When I first had a look at the wrapper Boolean data type in Java a funny thought came to my mind about the tri-state nature of a boolean (Why null becomes a possible value?). Later applied the thought to any other data type which is nullable and got funny analogies. Since Object Oriented Programming was related directly to real world, I came up with the following analogy.
Every morning you get your newspaper delivered at your doorstep. The paper boy rings the bell and leaves the paper at your doorstep. Let us assume that the door bell is the function call and newspaper is the object you receive. What happens if you wont get the newspaper delivered?; quite obvious, the paper boy either won’t arrive or will come to your doorstep and communicate why the paper is not delivered.
What would happen if instead of the above scenario the paper boy arrives at your doorstep and delivers a null newspaper? You must receive the newspaper & assert that it is not null and decide to do some other activity, else your day ends abruptly because a null pointer is thrown when you tried to read the newspaper.

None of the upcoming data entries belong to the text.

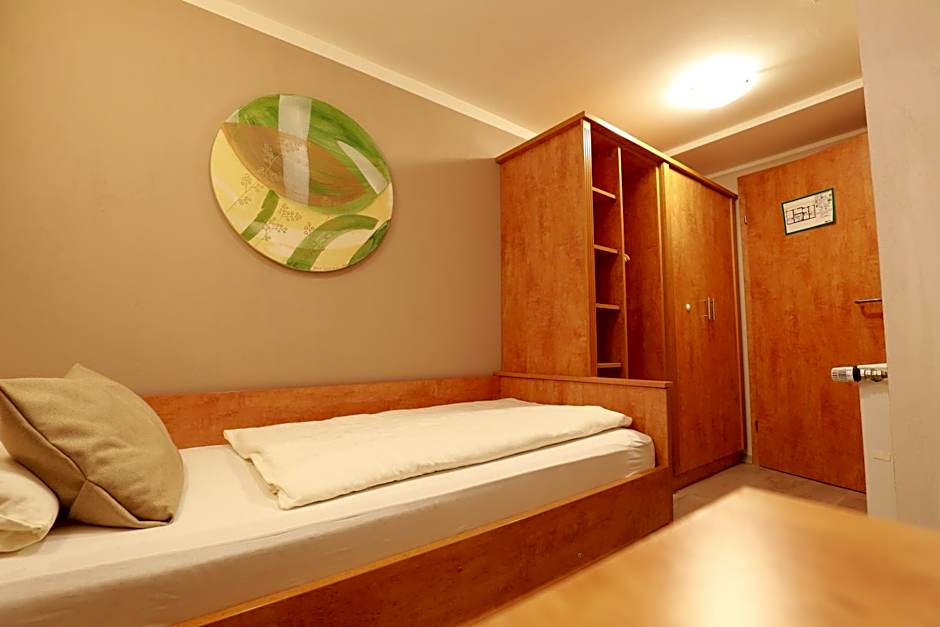 Hofgut Langenborn Wohnen auf Zeit möblierte Apartments Aschaffenburg Alzenau Frankfurt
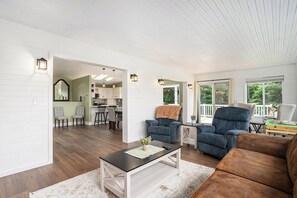 Smart TV, chimenea, libros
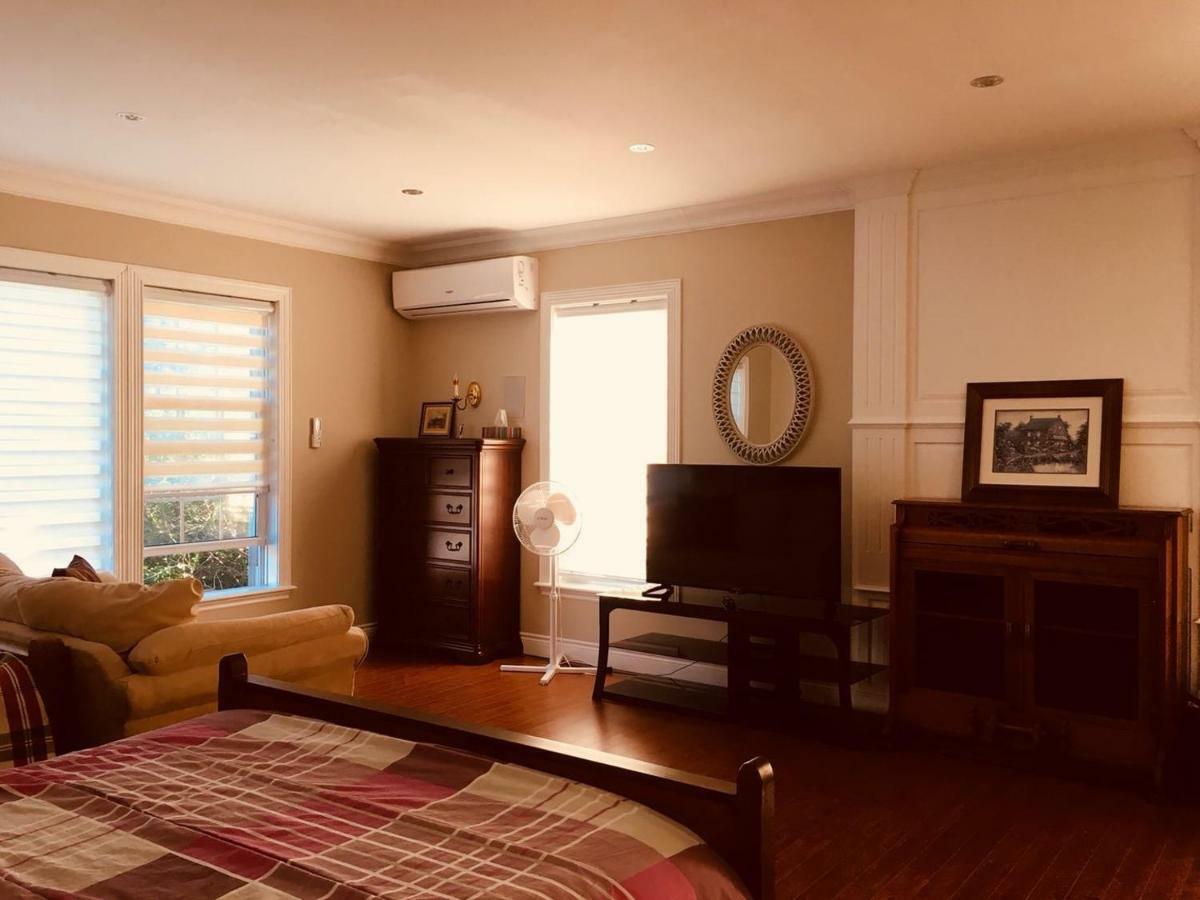Bed and Breakfast Seaview White House Stratford Екстер'єр фото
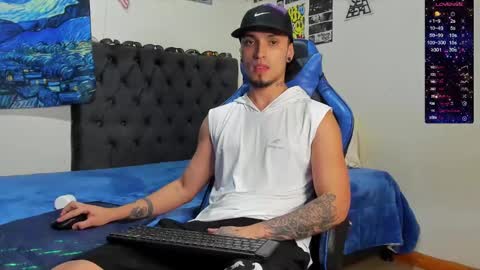 Snapshot of salvatore_dereck chatting on 12-06-24, 01:18 online show from 12-06-24, 01:18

Now let us not limit this to just newspaper, what about the need to worry about nulls every where? Would not you be driven crazy that you will have to worry about null mails, null phone calls, null water bottles?
This is what happens with many Java programmers where there is some point in their life they had dealt with a sticky, messy null pointer exception caused by some one who had made use of null for a boolean as a logic flow alternative to the true and false state. More worse is the SQL boolean data type having unknown and null as possible values.
So much of code has been written with guard clauses to prevent these nasty null pointer exceptions from getting in and eventually cost 3 extra lines of code in almost all critical business logic methods. Lately I have seen a positive trend among peers in the way we treat nulls. I have seen many consiously avoiding nulls and replacing them with empty objects, Null object pattern or special instances to handle ambiguities. When we move to newer (I would say newly adopted) languages I believe null will cease to exist.